I am going to go out on a limb, here. I am going to preach today on Paul’s rule for Christian households. “Wives, be subordinate to your husbands.” (Col 3:18) With that line, the husbands are smiling and nodding – a few probably are elbowing their wives to say, “See?” Believe it or not, There are a lot of wives who aren’t particularly fond of this verse.
So, I’m going to set it aside; I’m not going to start with it. Instead, I’m going to start with the next sentence and start by talking to the husbands out there: “Husbands, love your wives.” (Col 3:19) Paul gives the same instructions to the Church at Ephesus, but he goes a little further; to the Ephesians, he orders that they love their wives “just as Christ loved the church and gave himself up for her.” (Eph 5:25) Gentlemen, if you want your wives to be subordinate, that must come with you taking up your half of the deal, too. Love your wives. Don’t hold back. Give yourself up entirely for her, just as Christ gave himself up entirely for the Church. Men, are you ready to die for your wife? For your children? For your family? I don’t mean a dramatic death that makes you a hero. We all have fantasies like that. I mean a personal death every single day. Are you ready to pour yourself out and die every day out of love for your wife and family? On September 29 of this year – just a few months ago – Bishop Olmstead from Phoenix wrote a letter to the men of his diocese, to the fathers. Let me read to you how he started that letter:
I begin this letter with a clarion call and clear charge to you, my sons and brothers in Christ: Men, do not hesitate to engage in the battle that is raging around you, the battle that is wounding our children and families, the battle that is distorting the dignity of both women and men. This battle is often hidden, but the battle is real. It is primarily spiritual, but it is progressively killing the remaining Christian ethos in our society and culture, and even in our own homes.
Men, that is your challenge. If I may give you a little homework, go home today and look up that letter. Sit down and read it; if you read as slowly as I do, take a week or two and set aside 15 minutes each day to get through it. You can find it on the website his diocese set up, intothebreach.net. The letter itself is called “Into the Breach.” Before I move on to the wives and children, let me offer you seven tips Bishop Olmstead offers to you as men to carry you daily, weekly, and monthly to be the best father you can be.
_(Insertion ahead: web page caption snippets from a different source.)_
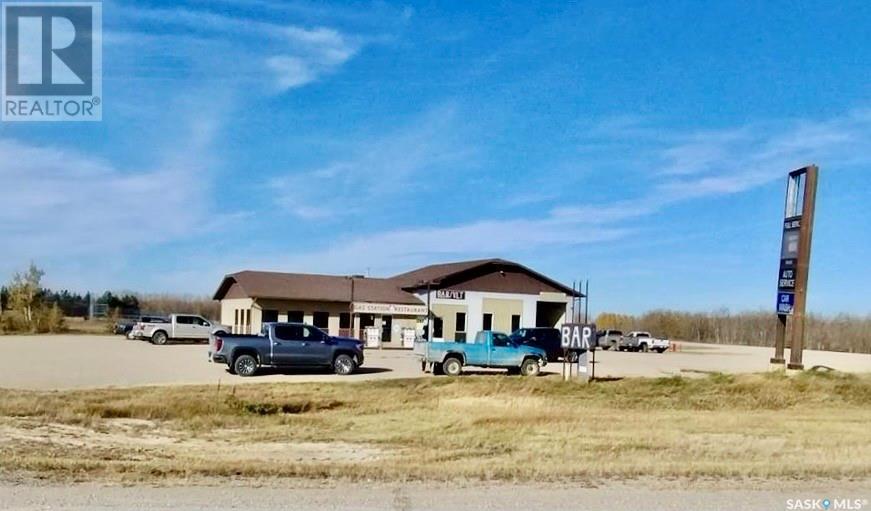 304 40 Highway Property Photo 2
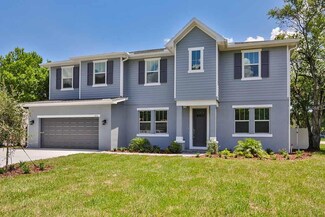 3916 W Mckay Ave, Tampa, FL 33609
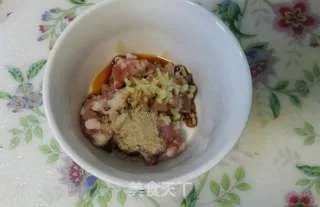 麻辣小面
- Pray and lead your family in prayer
- Examine your conscience before going to sleep
- Go to Mass
- Read the Bible
- Keep the Sabbath
- Go to Confession
- Find other Catholic men – It is in community that we will perfect the Christian life.
So, children, what does Paul tell you? “Obey your parents in everything, for this is pleasing to the Lord.” (Col 3:20) Obviously, I perfectly lived up to that call throughout my childhood. And if you believe that, please see me after Mass so I can tell you more blatant and absurd lies. Of course we don’t perfectly live up to that. In fact, to confess honestly to you, there were many many times that I felt my parents were just plain wrong or that I knew better. So, I did what I wanted – and, I have to admit, frequently paid the price when I found out how right they actually were. Today, though, we see Jesus as a child, the only story we have in scripture of his youth. I firmly believe that this encounter is the reason we have no stories from when he was twelve to about 30 – after the sass he gave Mary, he was grounded for 18 years!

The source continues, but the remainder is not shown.